Ma ti aspettavi che ti destinassero in Mongolia?

Beh, io ero pronta a qualunque destinazione. Asia… Non mi aspettavo la Mongolia, ma sono stata contenta. Pensavo di andare in America, con le realtà indigene, siccome la mia formatrice era stata lì, avevo questa idea. Ma sono contenta di essere in Mongolia.

Raccontaci una gioia grande che la missione ti ha dato

Per entrare in una realtà nuova, il passaggio biblico che mi accompagna sempre è quello di Mosé che si scalza perché sta calpestando una terra sacra. Questo esercizio di svuotarmi ed entrare in questa realtà per imparare, ma soprattutto per godere la bellezza di Dio che già c’è lì. Lasciare che Dio abiti in me e lasciare che lui mi guidi in questa conoscenza. Essere disponibile ad accogliere, anche se non è facile.
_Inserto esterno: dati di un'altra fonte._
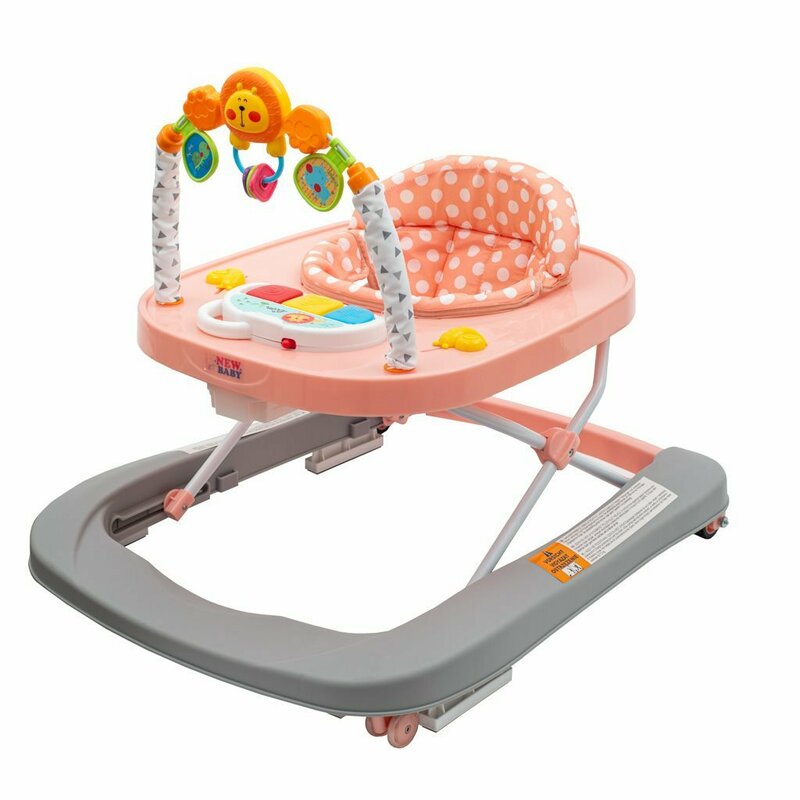 Premergator copii New Baby cu panou si arcada cu jucarii Forest Kingdom Pink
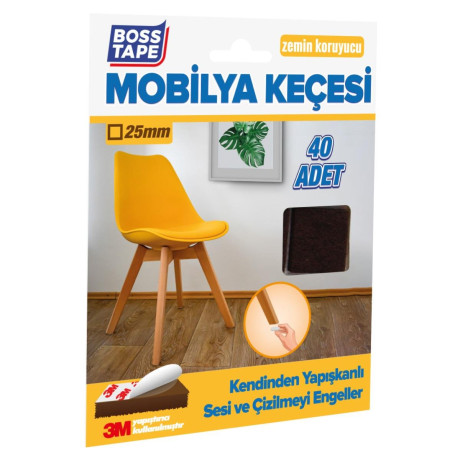 Protectii autoadezive 3M pentru pardoseala, forma patrata, 25 mm, maro, set 40 bucati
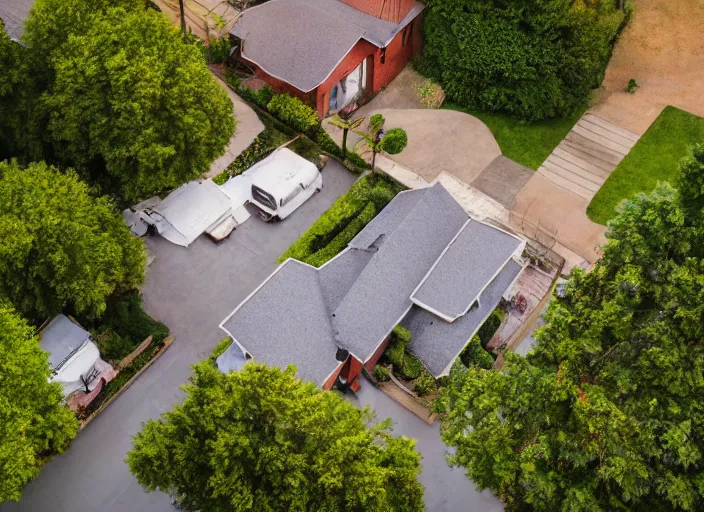 Image similar to realistic photo of a house from above, clean photo, stock photo, award winning, editorial, beautiful, establishing shot, 3 5 mm, zeiss lens, canon, nikon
Questi due anni che ho vissuto in Mongolia, praticamente sono stati anni di studio della lingua, che mi ha permesso di visitare, toccare luoghi storici della cultura mongola. Ho vissuto in una gher, la tenda mongola, una settimana, vivendo come un mongolo vive, è stato per me una grande gioia. Assimilare cosa significa essere mongolo, ma soprattutto capire senza grandi giudizi. Cucinare, smontare e montare una gher, andare a cavallo e con il cammello…

Come si sono sentiti i cristiani di Mongolia dopo la visita di Papa Francesco?

Fin da quando i cristiani hanno sentito che Papa Francesco sarebbe venuto in Mongolia, è stata un’emozione grande. Non ce lo aspettavamo: siamo una CHiesa piccola e giovanissima. Siamo la periferia della Chiesa, come spesso diciamo. Allora ci chiedevamo: come il Papa viene a visitare questo piccolo gregge? Questo ha incoraggiato molto i missionari, ma soprattutto i cristiani, che hanno sentito: “Noi non siamo soli, il Papa pensa a noi e ci vuole bene”. Allora ci siamo preparati con tanta gioia e tanto entusiasmo, con coinvolgimento di tutti, perché siamo pochi.

Vedere da vicino il Papa per alcuni era come una conferma della propria fede. Ma c’è stato un interesse anche di altre persone per conoscere la Chiesa cattolica, e anche distinguerla dalle Chiese protestanti, che sono numerose.

Non solo a livello di Mongolia, ma dell’ Asia centrale: è stato di sostegno di fede, di dire: “Coraggio e avanti”, una visita di incoraggiamento, di sentirsi parte della Chiesa, e che il Papa è lì, insieme alle piccole realtà di Chiesa presenti nell’ Asia centrale.

Ti stai preparando alla Professione perpetua: cosa significa oggi per te dire per SI per sempre a Dio e alla missione?

E’ una risposta mia alla chiamata di Dio, che è da sempre, ma in dialogo con il Signore che sempre mi ha accompagnato. Un dire SI nella consapevolezza della chiamata di Dio e anche della missione a cui sono chiamata. Allora dire SI per sempre è dire SI a Dio e alla missione che mi affida. Con questa fiducia di consegnarmi a Lui, non sono io da sola che dico SI, ma mi consegno a Lui e Lui faccia di me ciò che ha già tracciato per me.